Data extracts ▸
####
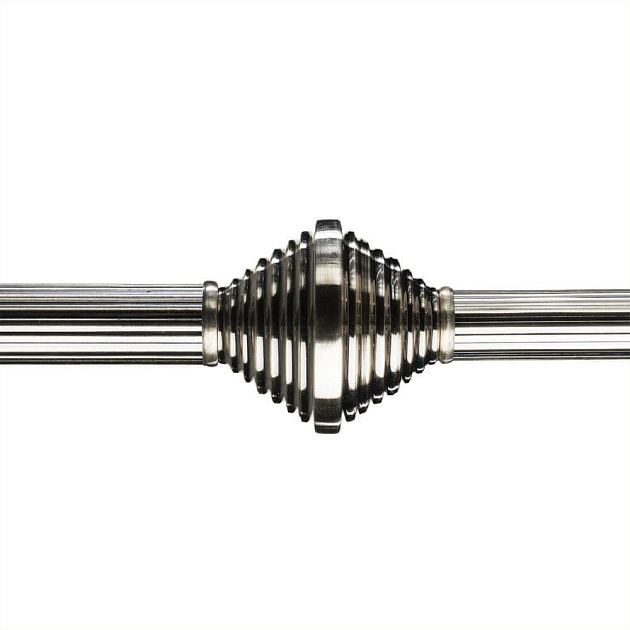 Торшер Arte Lamp Alice A3579PN-3AB изображение 2 Торшер Arte Lamp Alice A3579PN-3AB Фото № 2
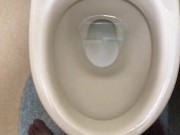 Asia Japan masturbation
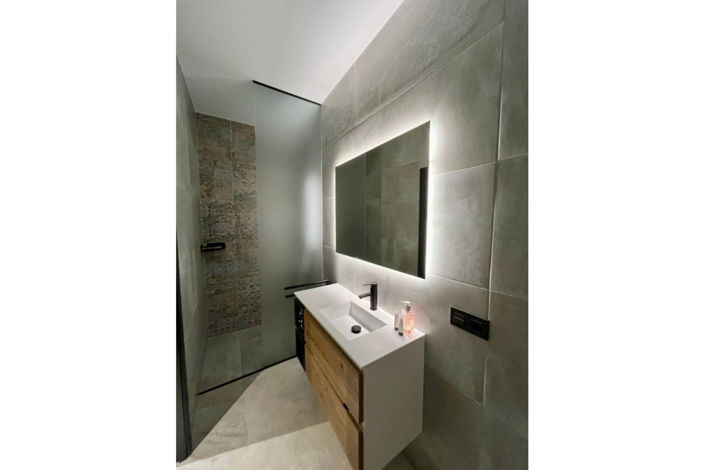 Image No.23-5 Bed Villa for sale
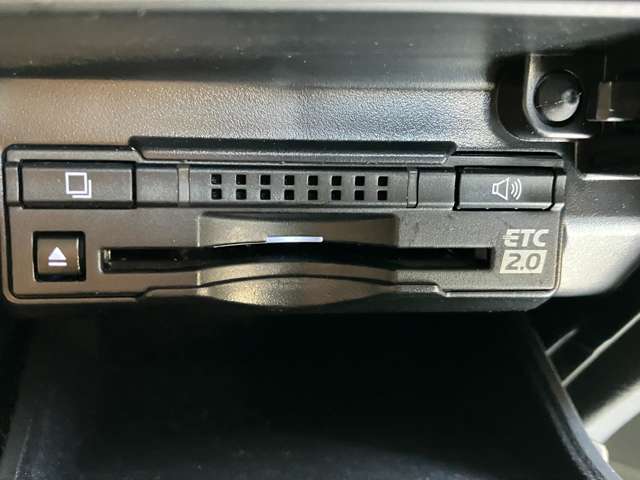 レクサス ＧＳ３５０ Ｆスポーツ H28年 (近畿) 99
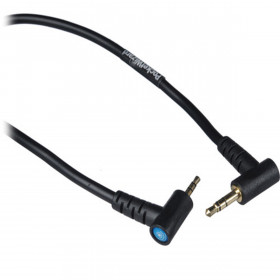 PocketWizard CM-E3-ACC-1 Remote ACC Cable PocketWizard C1ft (30cm)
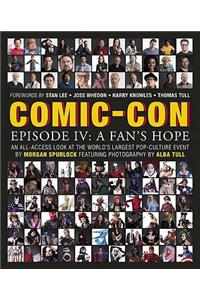 Comic-Con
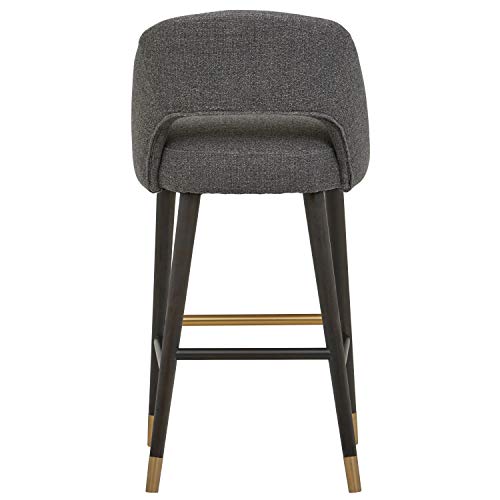 rivet bar stools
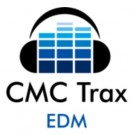 CMC Trax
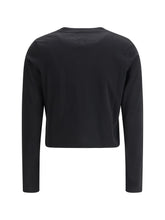 LOULOU DE SAISON L masal t-shirt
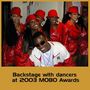 Wayne Wonder
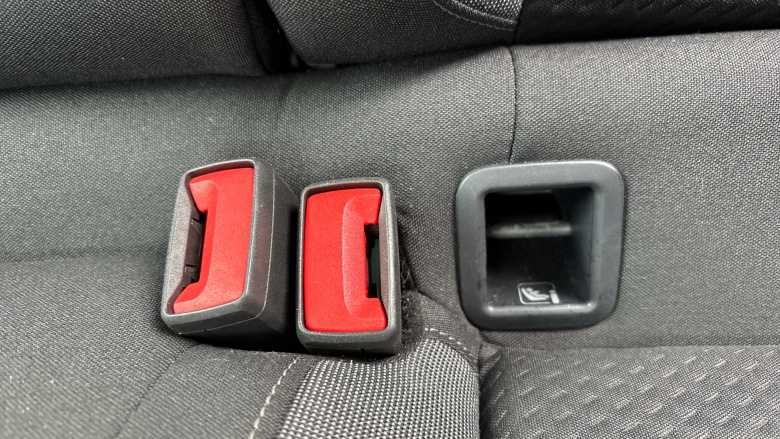 Volkswagen Taigo 1.0 TSI Life 5dr Petrol Hatchback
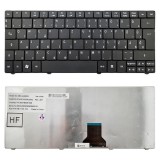 Acer KB.I100A.102 gyári új magyar billentyűzet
####
Required work ▸ What the answer must hold: all the data above, given again exactly, without pictures.

Solution for this exercise ▸
 Торшер Arte Lamp Alice A3579PN-3AB изображение 2 Торшер Arte Lamp Alice A3579PN-3AB Фото № 2
 Asia Japan masturbation
 Image No.23-5 Bed Villa for sale
 レクサス ＧＳ３５０ Ｆスポーツ H28年 (近畿) 99
 PocketWizard CM-E3-ACC-1 Remote ACC Cable PocketWizard C1ft (30cm)
 Comic-Con
 rivet bar stools
 CMC Trax
 LOULOU DE SAISON L masal t-shirt
 Wayne Wonder
 Volkswagen Taigo 1.0 TSI Life 5dr Petrol Hatchback
 Acer KB.I100A.102 gyári új magyar billentyűzet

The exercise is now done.